Lecture 4 Exercises

Laura Kovács

Problem 4.1

Consider a total well-founded ordering $\succ$ on ground non-equality atoms, and use the same symbol for the induced literal ordering. Let $C$ and $D$ be ground clauses without equality literals, and let $A$ and $B$ denote the maximal atoms of $C$ and $D$, respectively. Assume $A$ and $B$ are syntactically identical, that $A$ occurs negatively in $C$, and that $A$ occurs only positively in $D$. Show that $C \succ_{\text{bag}} D$.

Solution

Because $A$ and $B$ coincide, $A$ is the maximal atom of $D$. Since $A$ occurs only positively in $D$, every other literal $L$ in $D$ satisfies $\neg A \succ A \succ \neg L \succ L$ in the induced literal ordering. By properties of the multiset (bag) extension, this implies $\neg A \succ_{\text{bag}} D$.

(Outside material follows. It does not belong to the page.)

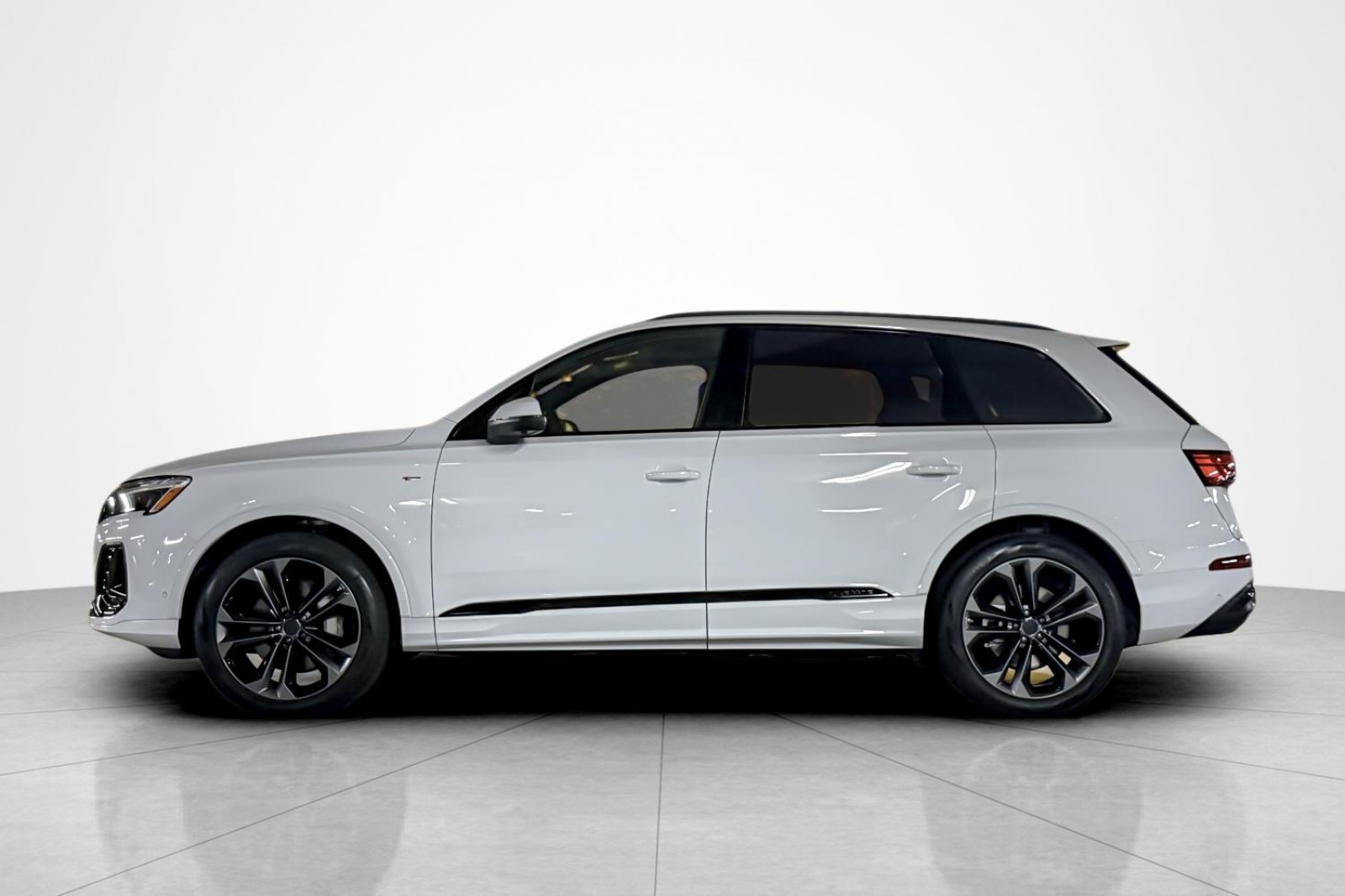 New 2026 Glacier White Metallic Audi S line Premium Plus 55 quattro *Ltd Avail* image 3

In $C$, $A$ appears only negatively, so $\neg A$ is a literal of $C$. Moreover $\neg A \succ A$, and for every other atom $C_i$ in $C$ we have $\neg A \succ \neg C_i \succ C_i$, meaning $\neg A$ is the maximal literal of $C$. Since the bag extension is monotone with respect to replacing the maximal element, the facts that $\neg A \succ_{\text{bag}} D$ and that $\neg A$ is the maximal literal of $C$ together yield $C \succ_{\text{bag}} D$.

Problem 4.2

Let $\succ_1$ and $\succ_2$ be strict well-founded orderings over $M_1$ and $M_2$, respectively. Define an ordering $\succ^*$ on $M_1 \times M_2$ by

$$(a_1,a_2) \succ^* (b_1,b_2) \Longleftrightarrow \big(a_1 \succ_1 b_1 \text{ or } (a_1 = b_1 \text{ and } a_2 \succ_2 b_2)\big).$$

Show that $\succ^*$ is well-founded.

Solution

Assume for contradiction that $\succ^*$ admits an infinite descending chain

$$(x_0, y_0) \succ^* (x_1, y_1) \succ^* (x_2, y_2) \succ^* \cdots.$$

For each step either the first component strictly decreases in $\succ_1$ or stays equal. Because $\succ_1$ is well-founded, the sequence $\{x_i\}$ has a minimal element $x_n$, so $x_i = x_{i+1}$ for all $i \ge n$. The definition of $\succ^*$ then forces $y_i \succ_2 y_{i+1}$ for every $i \ge n$, contradicting well-foundedness of $\succ_2$. Hence $\succ^*$ is well-founded.

Problem 4.3

Let $\succ$ be a total well-founded ordering on ground atoms $p_1, \dots, p_6$ with $p_6 \succ p_5 \succ p_4 \succ p_3 \succ p_2 \succ p_1$. Consider the bag extension of $\succ$, still denoted by $\succ$. Compare the clauses

$$p_6 \vee \neg p_6,\qquad \neg p_2 \vee p_4 \vee p_5,\qquad p_2 \vee p_3$$

under this ordering.

Solution

Totality implies $p_i \succ p_j$ and $p_i \succ \neg p_j$ whenever $i > j$, so in particular $p_6 \succ \neg p_2$, $p_6 \succ p_4$, $p_6 \succ p_5$, and $p_5 \succ p_2, p_3$. The bag ordering respects strict inclusion: if bag $B$ properly contains $B'$, then $B \succ B'$, hence $p_6 \vee \neg p_6 \succ p_6$ and $\neg p_2 \vee p_4 \vee p_5 \succ p_5$. Combining these comparisons yields

$$p_6 \vee \neg p_6 \succ p_6 \succ \neg p_2 \vee p_4 \vee p_5 \succ p_5 \succ p_2 \vee p_3,$$

and therefore

$$p_6 \vee \neg p_6 \succ \neg p_2 \vee p_4 \vee p_5 \succ p_2 \vee p_3.$$

Problem 4.4

Show that positive factoring in binary resolution $\mathbb{BR}$ can be represented using inference steps of the superposition calculus.

Solution

Ignore selection functions. The positive factoring rule is

$$\frac{p \lor p \lor C}{p \lor C}(BR).$$

Encode non-equality literals as equalities to a dedicated constant $\top$. Then factoring corresponds to the superposition steps

$$\frac{p = \top \lor p = \top \lor C}{p = \top \lor \top \neq \top \lor C}(EF),$$

followed by equality resolution

$$\frac{p = \top \lor \top \neq \top \lor C}{p = \top \lor C}(ER),$$

which recover the factored clause via superposition rules alone.